Here’s what I would suggest. First, make sure the SoapBlox admin is content to keep the sites up, at least temporarily. Second, find a college-age technical wunderkind who’s interested in politics and willing to work for cheap. These guys are a dime a dozen — I used to be one myself. Third, convince him to write an exporter for the SoapBlox data that puts it in a standardized format. Hooking into this project (found via al3x) might not be a bad idea. Getting the data into a portable form is the priority.
Then, find someone at a consultancy like one of the aforementioned ones who’s willing to help you figure out your requirements and specifications for a new suite of software. The simplest, best option is probably to just run Scoop. It’s what you want anyway; might as well stop nosing around it. I’m not intimately familiar with Scoop, but a quick look at its installation procedure makes it look like the complexity of installing and running it has been vastly overstated. If you don’t do that (or just want to help get the netroots off Scoop — a noble cause), then I’d suggest a hard look at Drupal and maybe Wordpress MU, or maybe Slashcode if for some reason you want to head toward Perl-land. You may have to get someone to develop a custom module or two to make the solution maximally Scoop-y, and you’ll certainly need someone who knows their way around the system to help configure it.
But given where the aesthetic bar has been set, this is not a particularly tough problem, and it shouldn’t cost that much money.
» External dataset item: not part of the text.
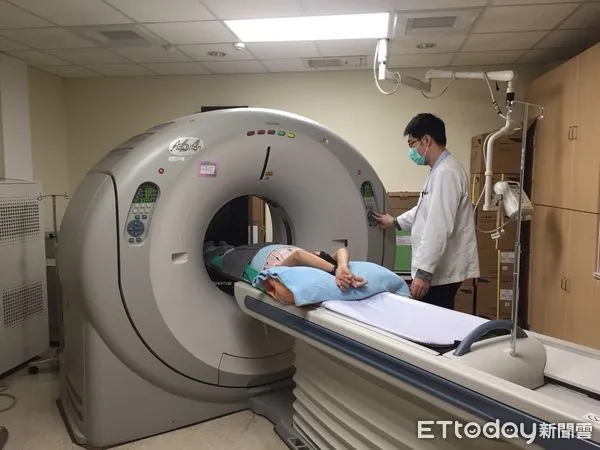 ▲▼低劑量電腦斷層輻射劑量較低且不需注射顯影劑也不必空腹，檢查過程不到5分鐘即可掃描整個肺部，有過敏體質的民眾可以安心完成檢查。（圖／台東基督教醫院提供，下同）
If this community can afford to send people to Netroots Nation or the DNC, it can surely afford a minor investment in its critical infrastructure. Oh, and one more thing: when users inevitably raise a hue and a cry because the order of links on the sidebar has changed, or because they have to reconfirm their email address, or because of some other stupid thing, you should ignore them. They just want attention. Learning new systems and habits is a pain, but not nearly so painful as continuing to limp along in a system that never should have been used in the first place.